*WORK TO COMPLETE:*
Only the lines below between the one holding "Tags: blonde hair,blue" and the one holding "Wooden Chair by", inclusive, are to be reproduced word for word; the pictures are to be left out.

Start of SUPPLIED MATERIAL

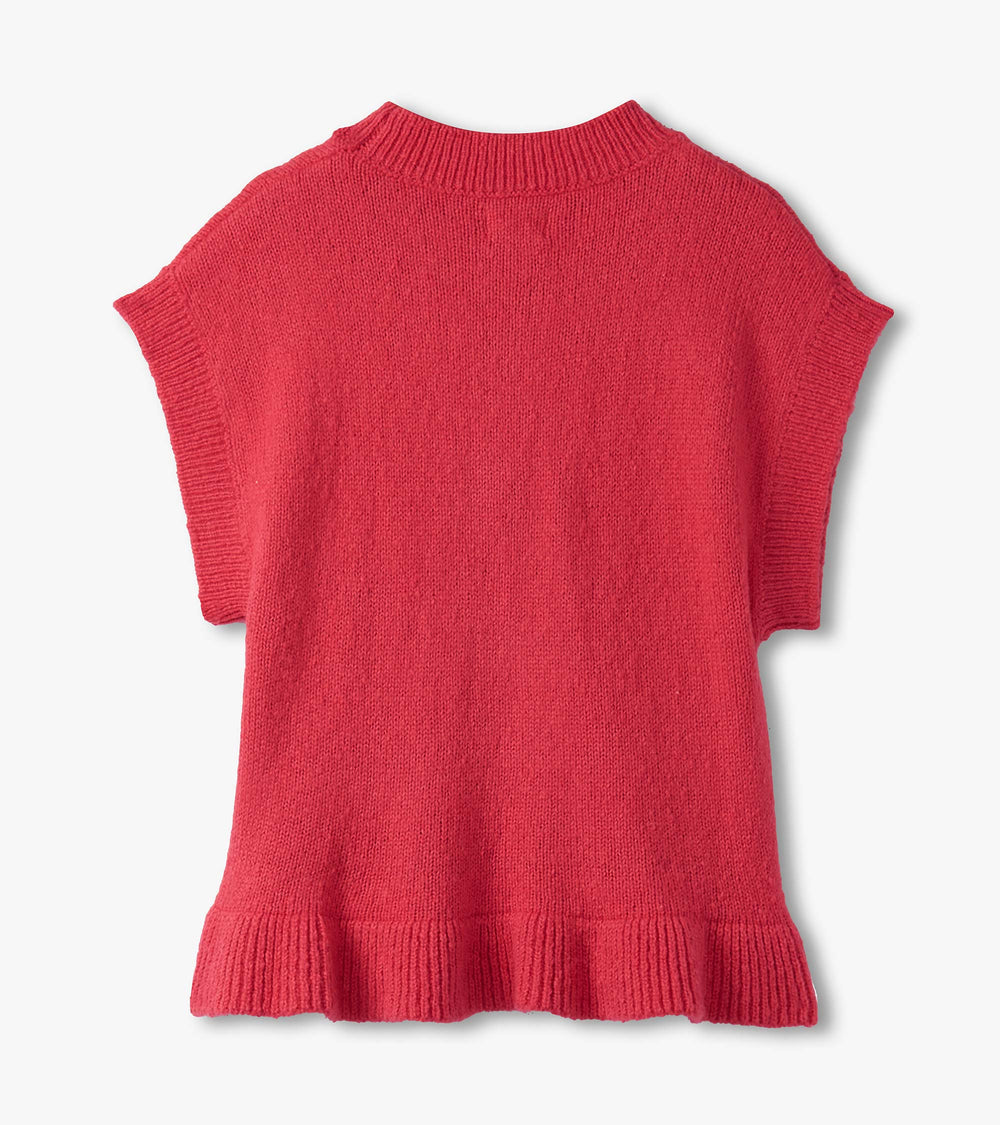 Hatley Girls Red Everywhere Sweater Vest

End of SUPPLIED MATERIAL
Start of SUPPLIED MATERIAL

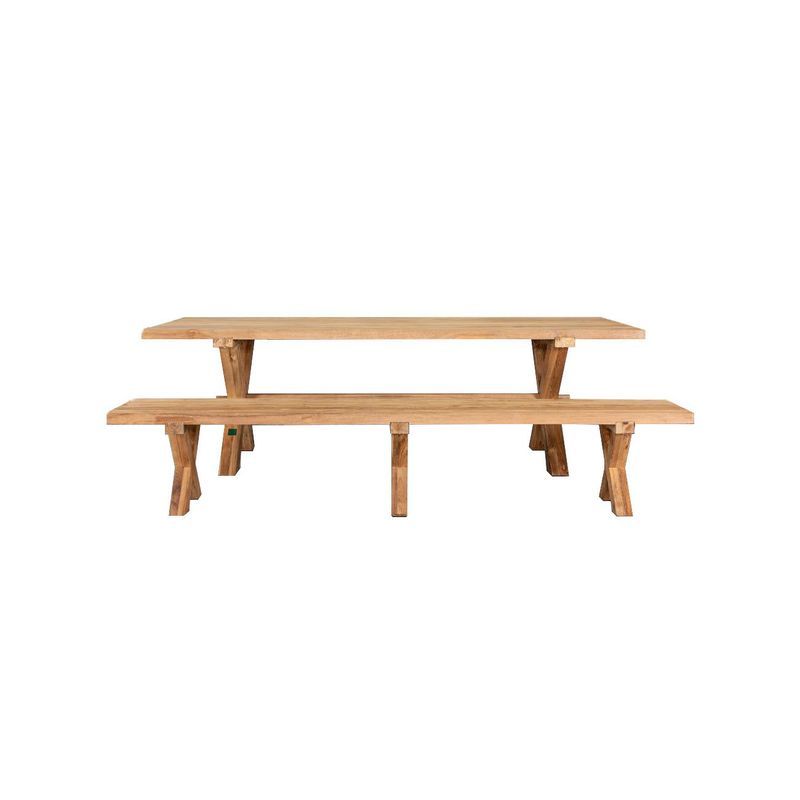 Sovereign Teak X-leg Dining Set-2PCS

End of SUPPLIED MATERIAL
Start of SUPPLIED MATERIAL

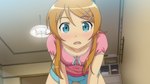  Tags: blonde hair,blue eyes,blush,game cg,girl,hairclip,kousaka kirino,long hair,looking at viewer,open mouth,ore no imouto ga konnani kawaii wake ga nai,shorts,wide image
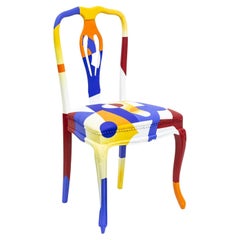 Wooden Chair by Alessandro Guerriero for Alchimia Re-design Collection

End of SUPPLIED MATERIAL

*ANSWER BELOW:*
  Tags: blonde hair,blue eyes,blush,game cg,girl,hairclip,kousaka kirino,long hair,looking at viewer,open mouth,ore no imouto ga konnani kawaii wake ga nai,shorts,wide image
 Wooden Chair by Alessandro Guerriero for Alchimia Re-design Collection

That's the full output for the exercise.